The first week of Story Euphoria looked at how stories slip us into the skins of others, including people we might not like very much. There’s a certain breed of character with whom, realistically, it’s hard to identify, and yet writers get us to sympathize with them anyway, sometimes against our will. In fact, writing from the point of view of an unlikeable character has been a popular ruse since the birth of modern literature and one does not need to cast far to find examples.
Even in the pre-dawn of modern literature we can find examples, with characters like the overly-ambitious Faust, willing to sell his soul for knowledge and power, or Shakespeare’s complex and tragic Othello who, when tricked into believing his wife adulterous, murders her.

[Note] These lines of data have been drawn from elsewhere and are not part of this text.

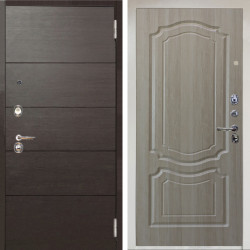 Входная дверь Аргус ЛЮКС 3К Снежно-белый Агат венге горизонт + Мишель Ларче светлый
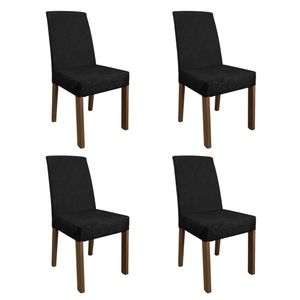 Kit 4 Cadeiras De Jantar 4255 Rustic/oxford Madesa Rustic/oxford
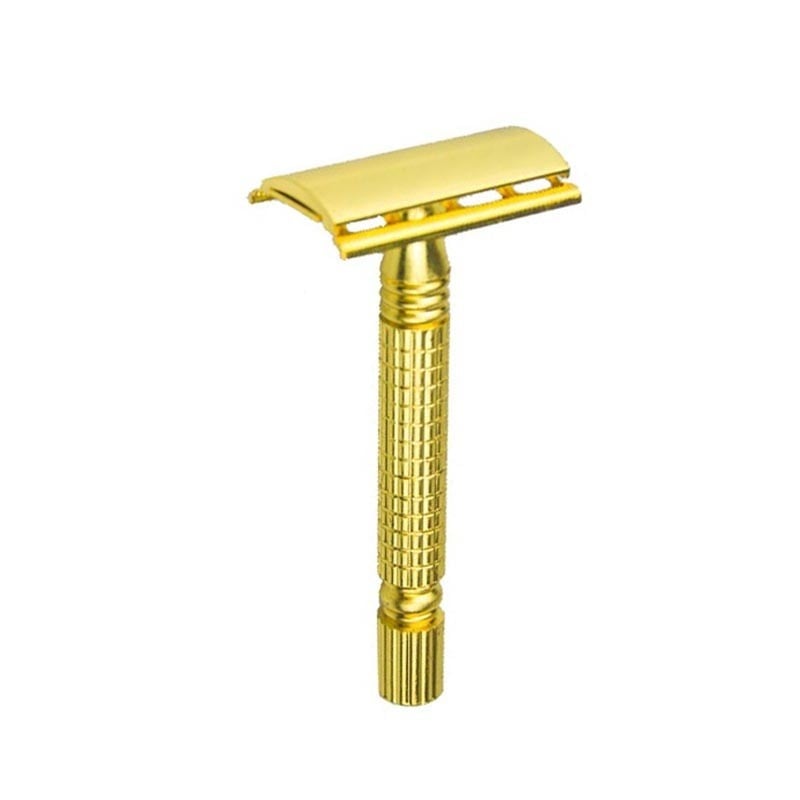 Aparat de ras Classic Safety Razor Techstar® SR5, Aliaj de Zinc, Cu Lame De Rezerva, Reutilizabil, Ecologic, Auriu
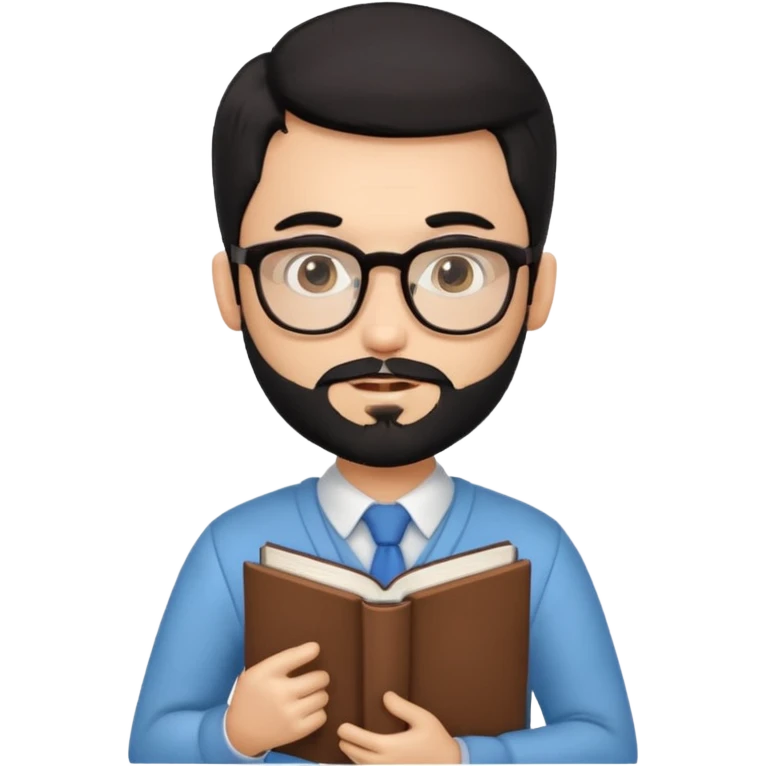 a pretty bratz teacher male with black hair, spectacles on, holding a book in hand and a chocolate in the other. bearded emoji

As the novel matured as a literary form, more contemporary types emerged, like Dostoyevsky’s young and impoverished protagonist, Raskolnikov, who early in the novel, Crime and Punishment, murders an old woman, which deed becomes the catalyst for the rest of the book. A more lighthearted example could be Emma, from Jane Austen’s novel of the same name, who is about as self-satisfied and self-interested as young ladies come, and hardly a good friend—until she matures. Notably, Emma is a character who, as Austen herself put it, "no-one but myself will much like,” and a great deal of our entertainment comes from watching Emma get her comeuppance.

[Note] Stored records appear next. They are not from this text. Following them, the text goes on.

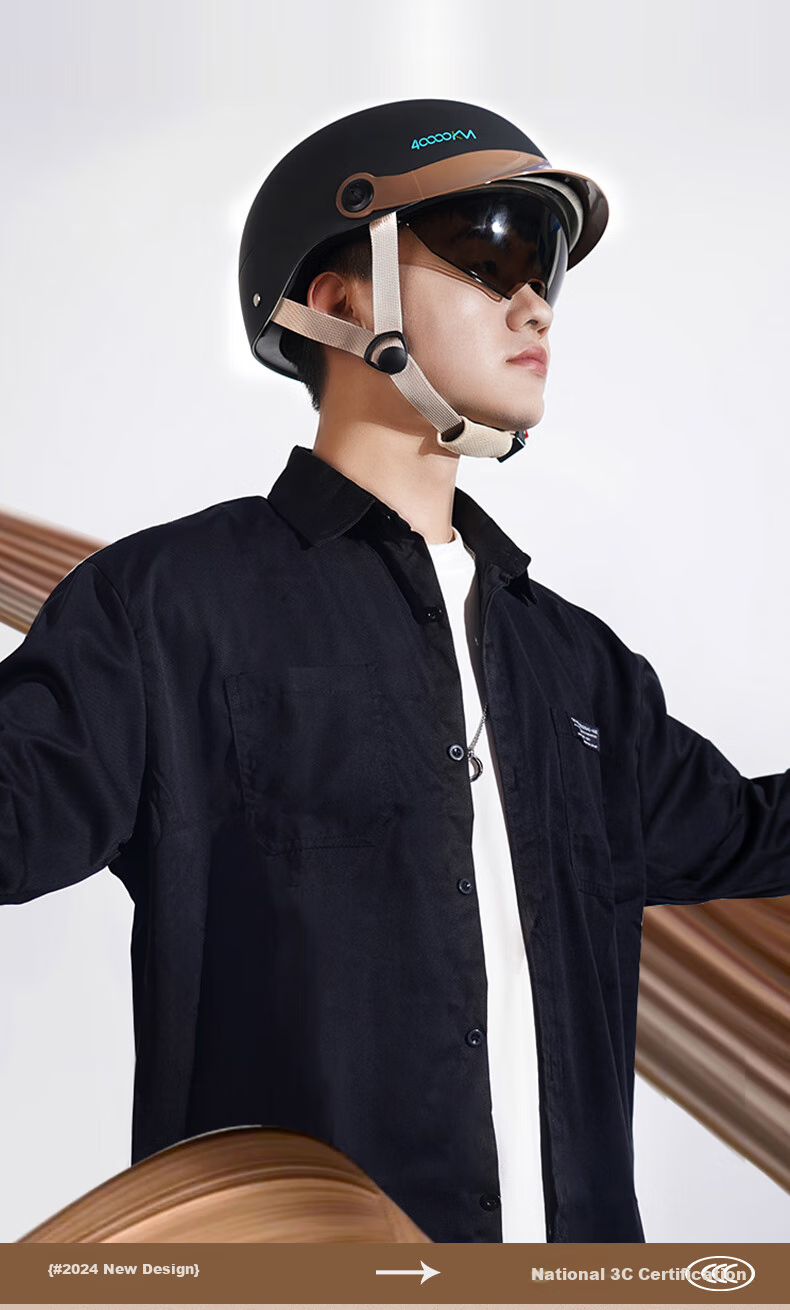 Siwangongli New National Standard 3C Certified Electric Vehicle Helmet, Summer Half-Helmet for Men And Women, Sun Protection Visor, All-Season Universal Electric Motorcycle Safety Helmet SWY6749 11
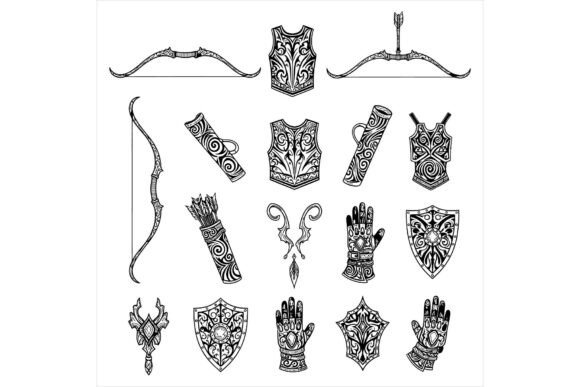 Medieval Fantasy Armor and Weapon Set: A Crafts-Ready Graphic Design Asset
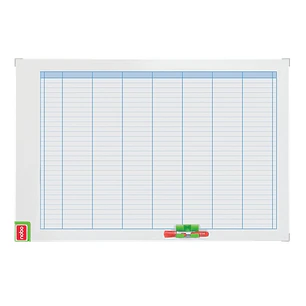 Nobo Performance Planificador Semanal de Pizarra Magnetica 710x50x1030mm - Incluye Kit de Planificacion de Imanes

But not all authors are so obliging. While many unlikeable characters do transform during the course of the story in some way that makes us more inclined to sympathize, there are plenty of others who remain ambiguous, or whose crimes are so distasteful that little could ever be done to exonerate them. An excellent example might be Humbert Humbert, the pedophiliac and murderous narrator of Vladimir Nabokov’s Lolita. For some readers, this is enough to make them give up on a book, but others are more easily swayed by the author’s plot devices or pretty narrative, and indeed, in Nabokov’s hands, Humbert’s tale is full of hypnotic poetry—as he jokingly admits in the first page, “you can always count on a murderer for a fancy prose style.”

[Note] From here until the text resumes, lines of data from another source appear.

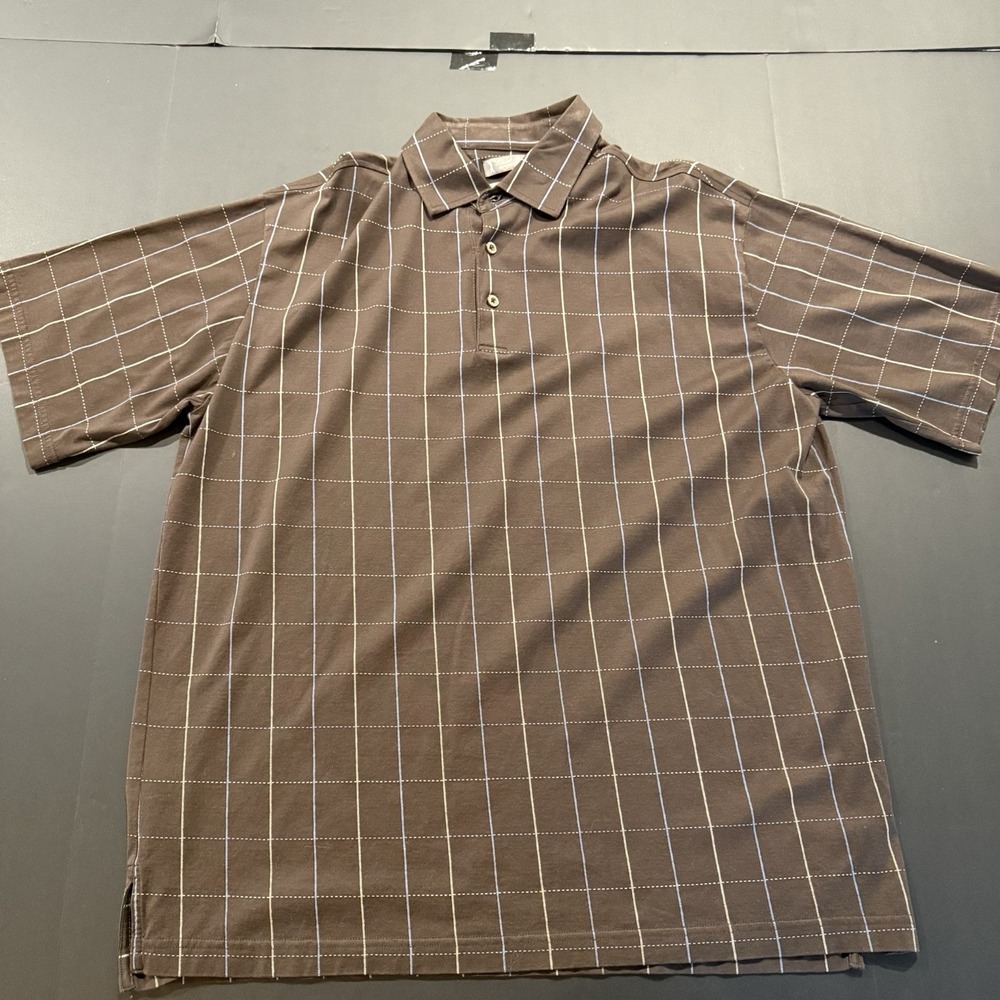 Daniel Cremieux Polo Shirt Men Large Brown Blue Check Golfer Golfing Lightweight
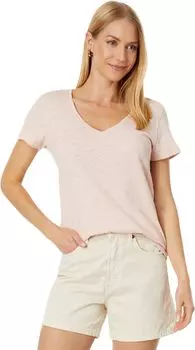 Футболка Lilla P V-Neck Short Sleeve Back Seam Tee in Loose Knit Slub, цвет Rosebud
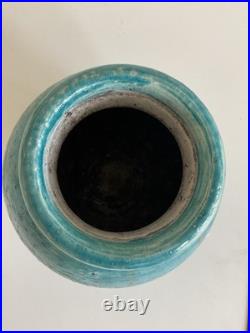Vintage John Bedding Studio Pottery Turquoise Globe Vase Impressed JB Mark 9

Indeed, what makes us put up with these despicable people with whom, if they weren’t confined to fiction, we probably wouldn’t be friends? Is beautiful execution and brilliant authorship alone to blame? One theory is that such characters make us feel superior, and an opposite theory is that we feel secretly relieved that we are not alone with the darkness inside us. But I’m not sure I buy those explanations. When I find myself in the shoes of an unlikeable character I am most captured by the sheer variety of the human spectrum. It is a psychological fascination. Watching such characters may be akin to watching a dissection—gruesome, fascinating and revealing.